Material supplied Start Marker

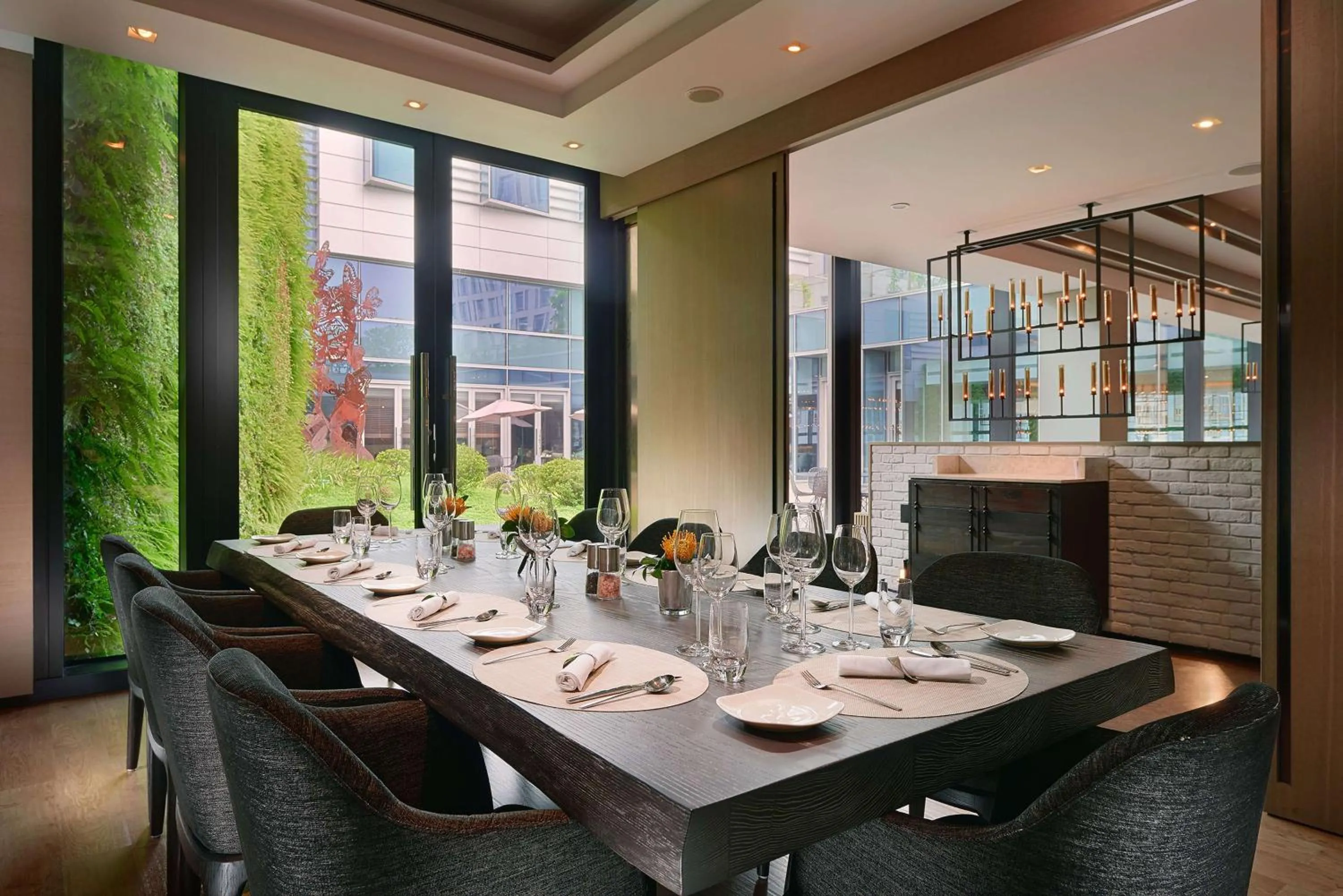 Restaurant/places to eat in Humble House Taipei, Curio Collection by Hilton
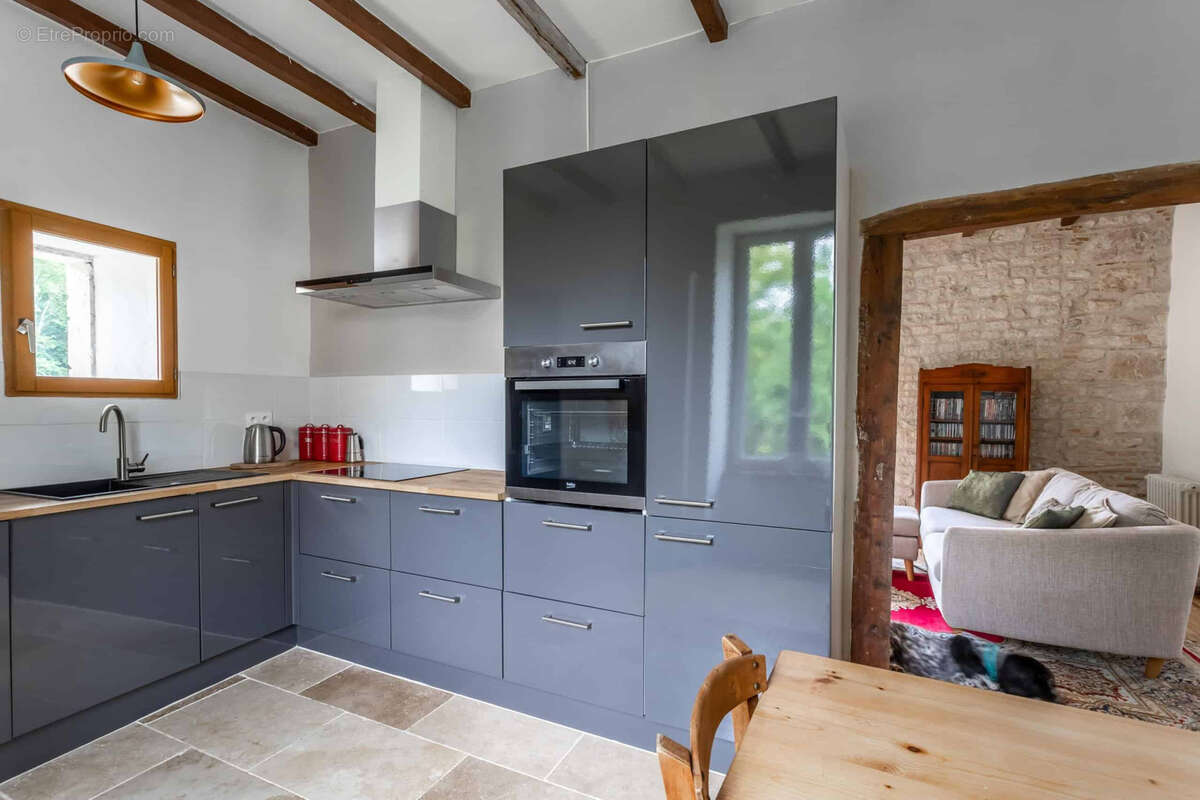 Maison à MONTCUQ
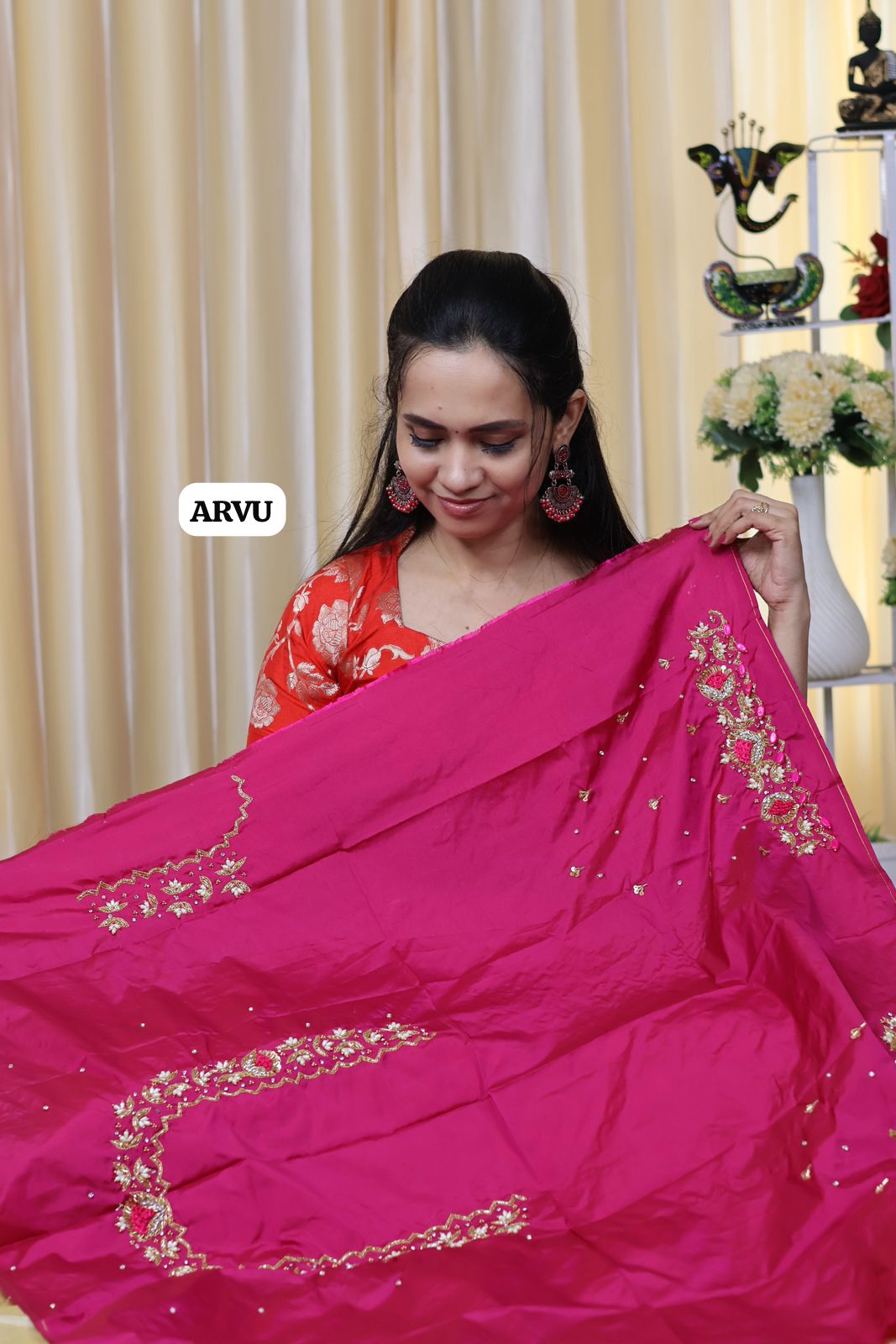 Premium quality Aari work blouse 😍Ⓜ️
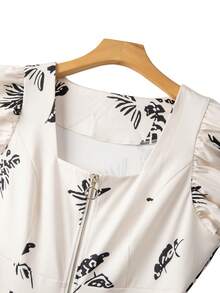 GlowEve CURVE Plus Size Elegant Floral Print Jumpsuit For Commuting - Apricot - View 4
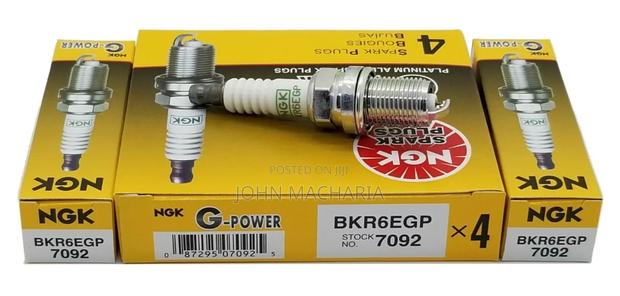 NGK G - Power Sparkplugs Bkr6egp Stock. No 7092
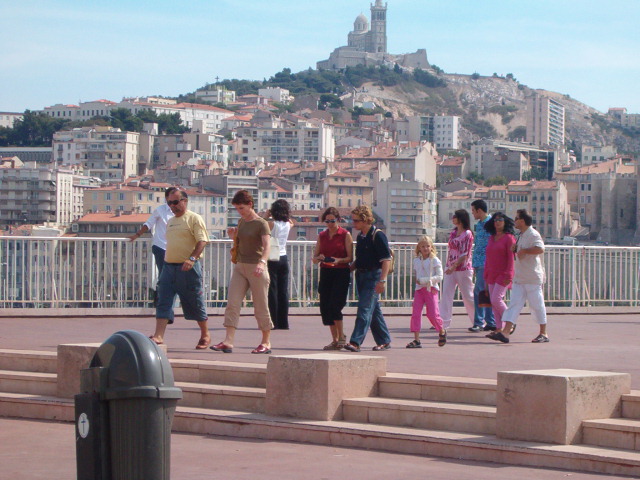 618x457 pixels (126K)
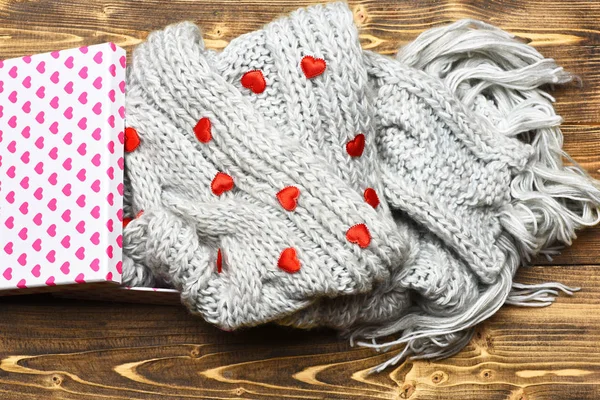 Coeur de Saint-Valentin rouge, boîte cadeau et foulard tricoté sur bois — Photo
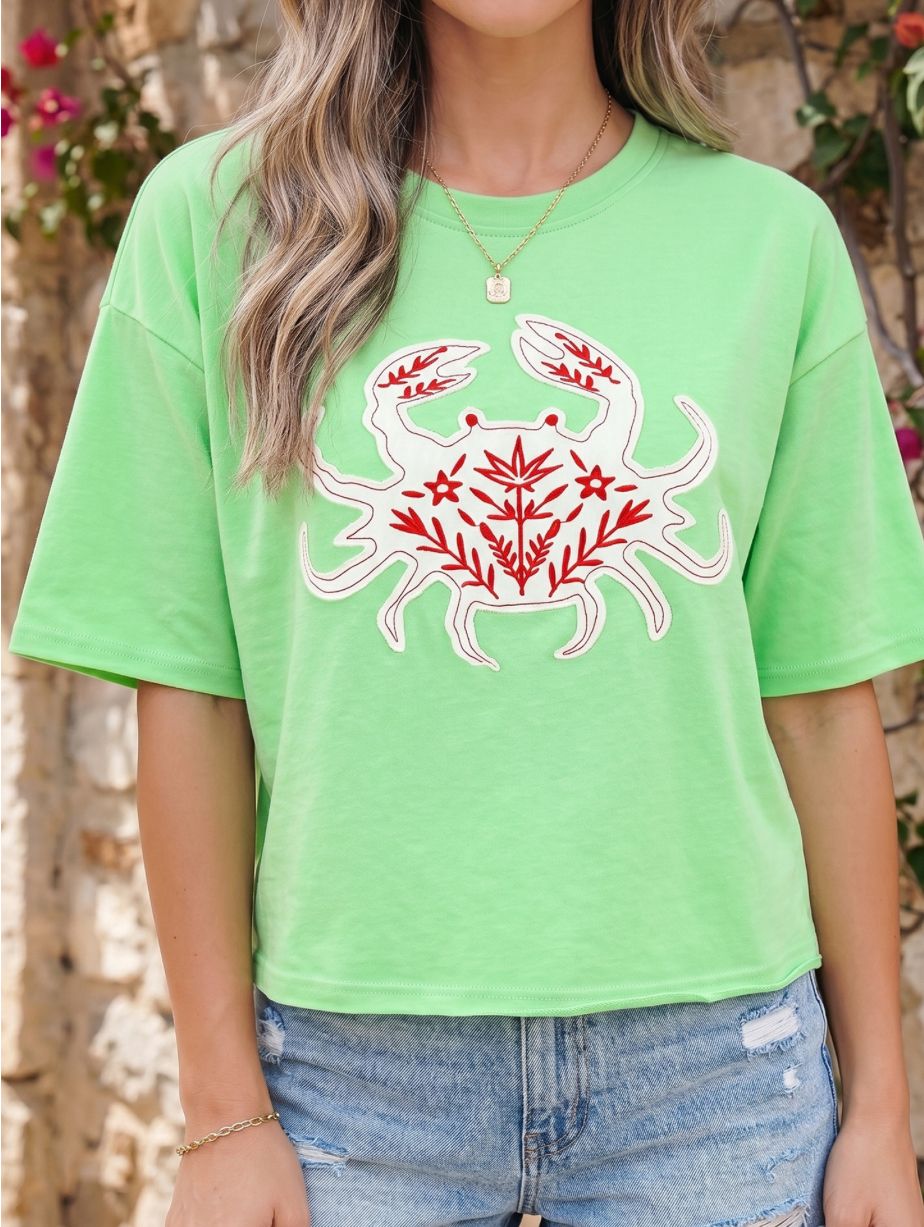 Crab Embroidered Patch Loose Round Neck Tee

Material supplied End Marker

* _Work instructions_: Return exactly the line containing "GlowEve CURVE Plus" and every line after it, up to and including the final line of the entries above. Pictures stay out.

* _Written answer_:
 GlowEve CURVE Plus Size Elegant Floral Print Jumpsuit For Commuting - Apricot - View 4
 NGK G - Power Sparkplugs Bkr6egp Stock. No 7092
 618x457 pixels (126K)
 Coeur de Saint-Valentin rouge, boîte cadeau et foulard tricoté sur bois — Photo
 Crab Embroidered Patch Loose Round Neck Tee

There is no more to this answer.